• **Activity**:
Look below for the line that contains "GAEMR430 (3) Emerald" and the line that contains "Купить Хендай Солярис, 2014, 167", then restate both of them and every line in between, exactly. No picture goes in the copy.

• **Data for analysis**:
----
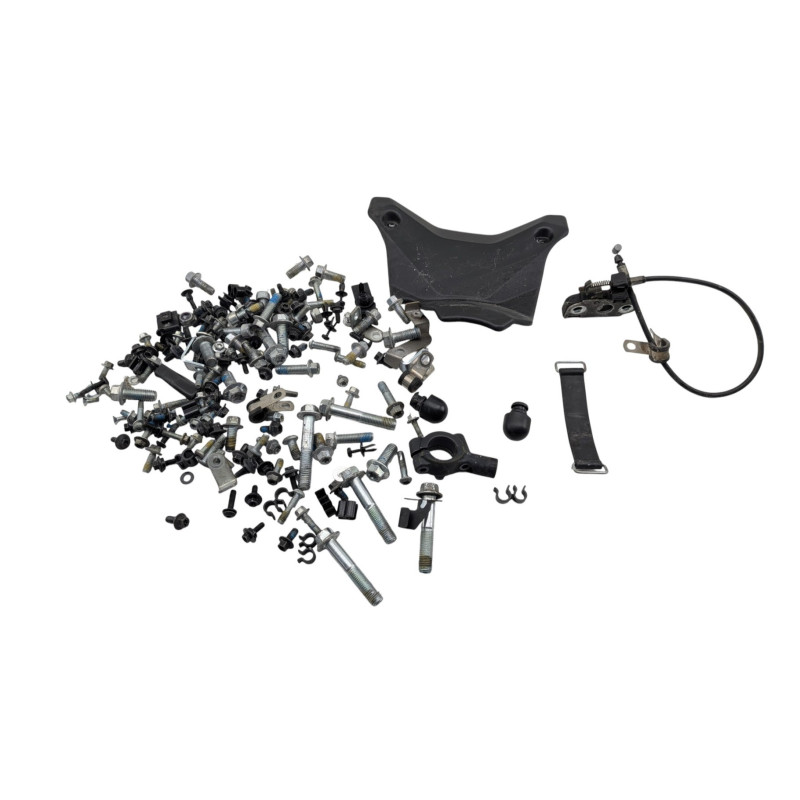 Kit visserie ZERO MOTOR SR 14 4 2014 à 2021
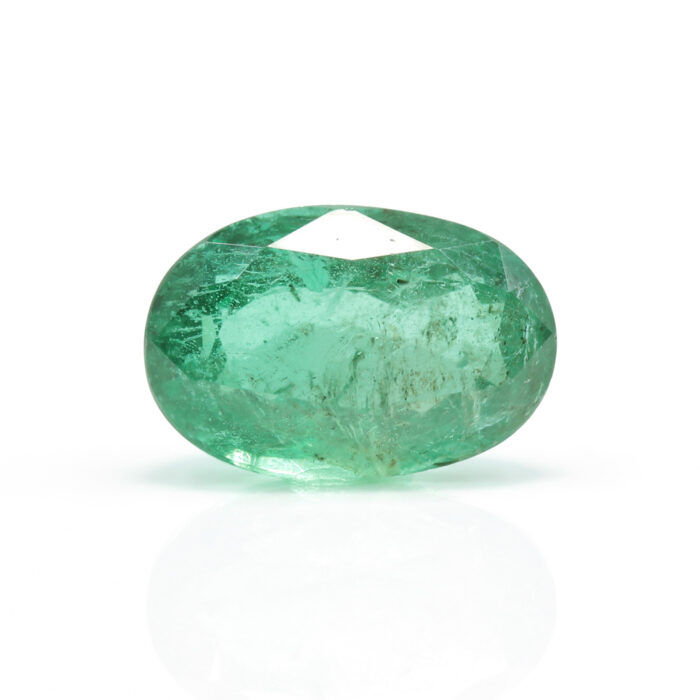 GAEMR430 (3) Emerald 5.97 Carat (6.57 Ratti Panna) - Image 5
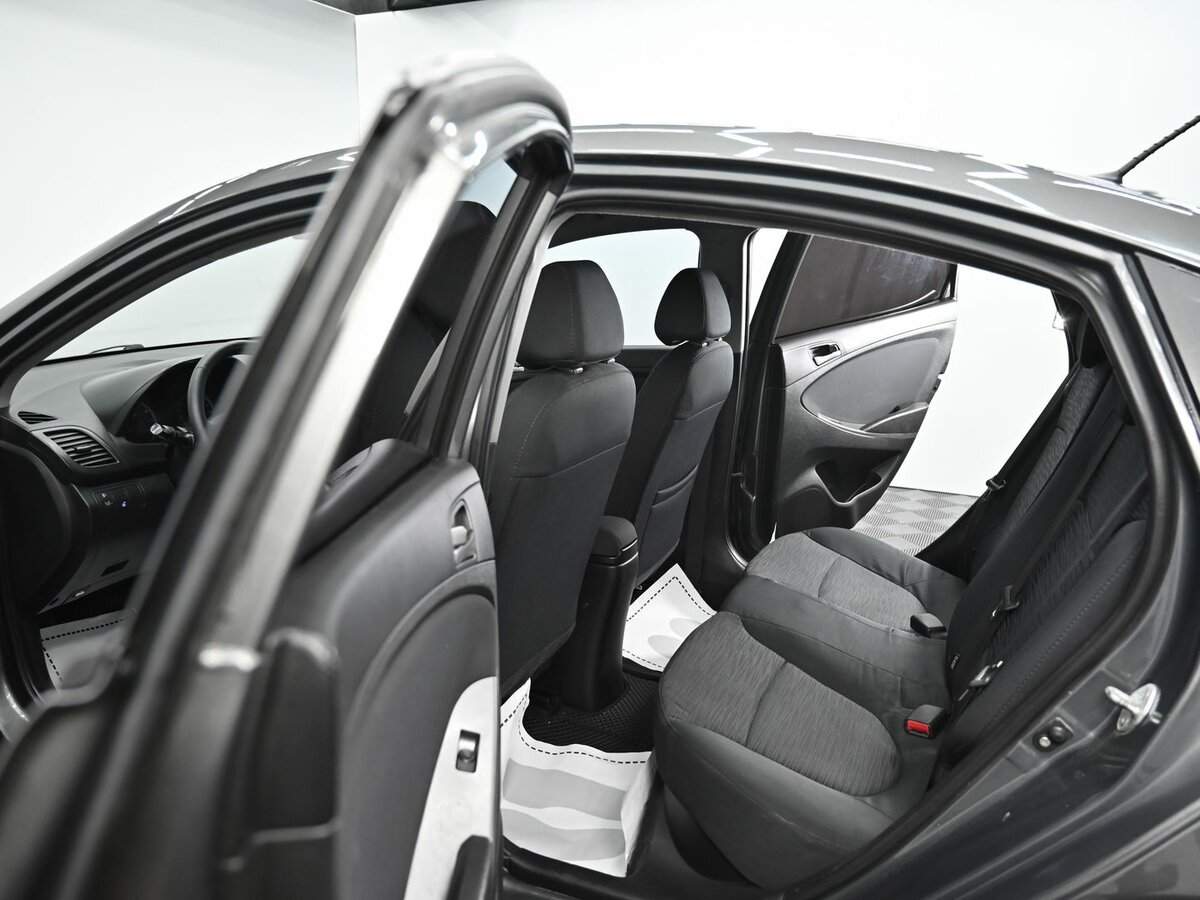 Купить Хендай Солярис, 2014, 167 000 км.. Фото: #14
----
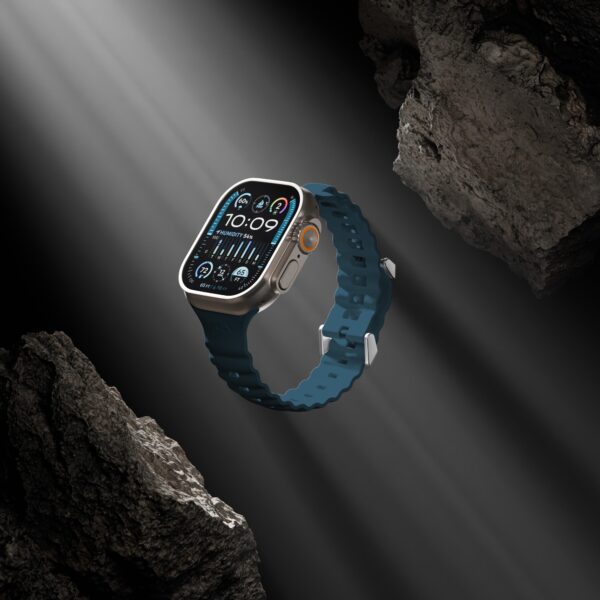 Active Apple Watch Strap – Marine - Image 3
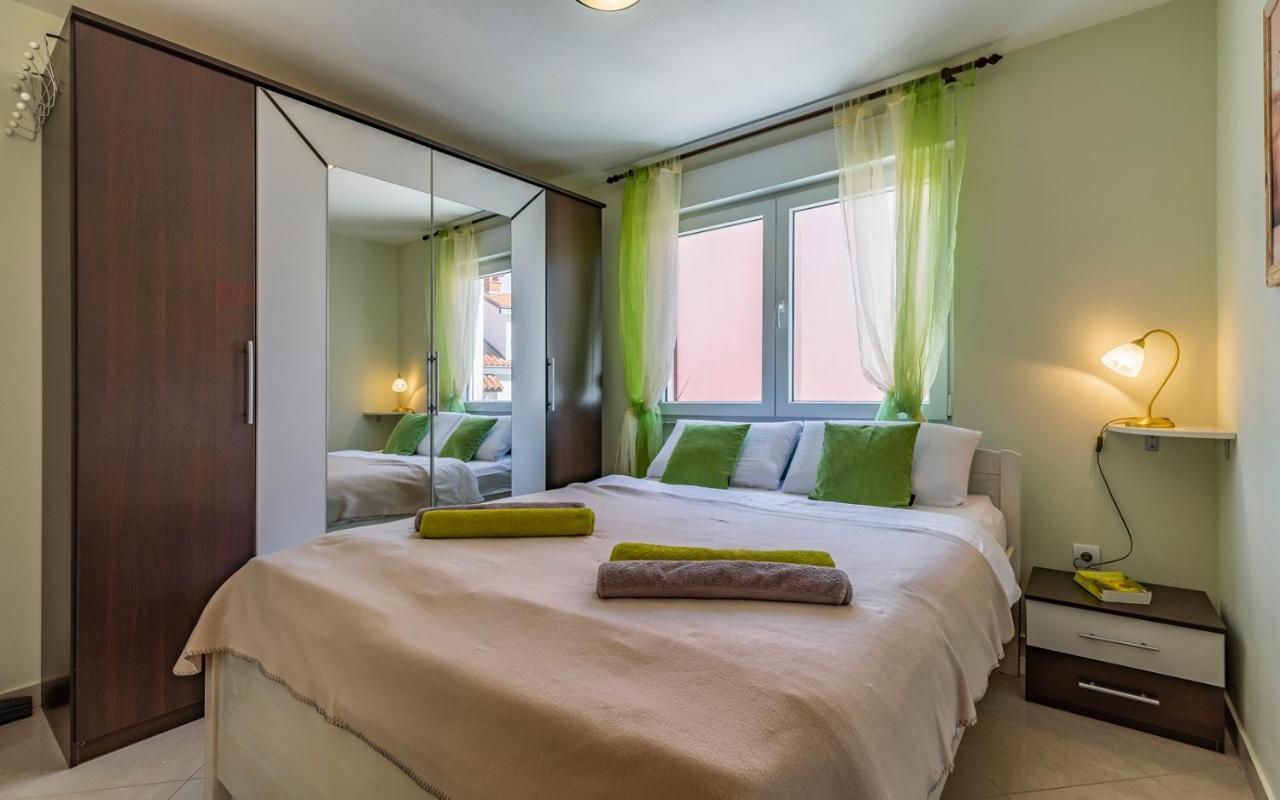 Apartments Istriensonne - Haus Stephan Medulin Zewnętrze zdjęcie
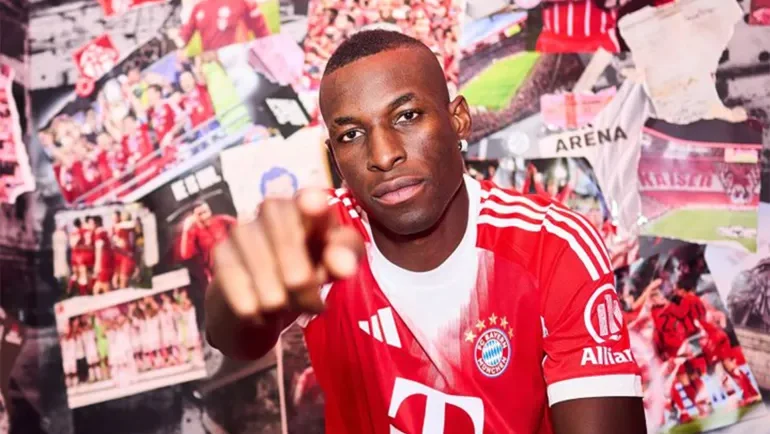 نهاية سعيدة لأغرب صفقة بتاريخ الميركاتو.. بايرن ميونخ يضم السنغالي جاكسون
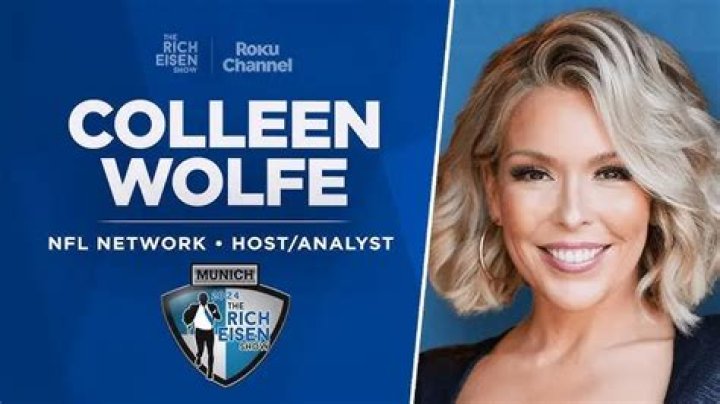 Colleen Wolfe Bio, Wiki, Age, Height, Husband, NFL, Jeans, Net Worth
----
• **Answer to this problem**:
 GAEMR430 (3) Emerald 5.97 Carat (6.57 Ratti Panna) - Image 5
 Купить Хендай Солярис, 2014, 167 000 км.. Фото: #14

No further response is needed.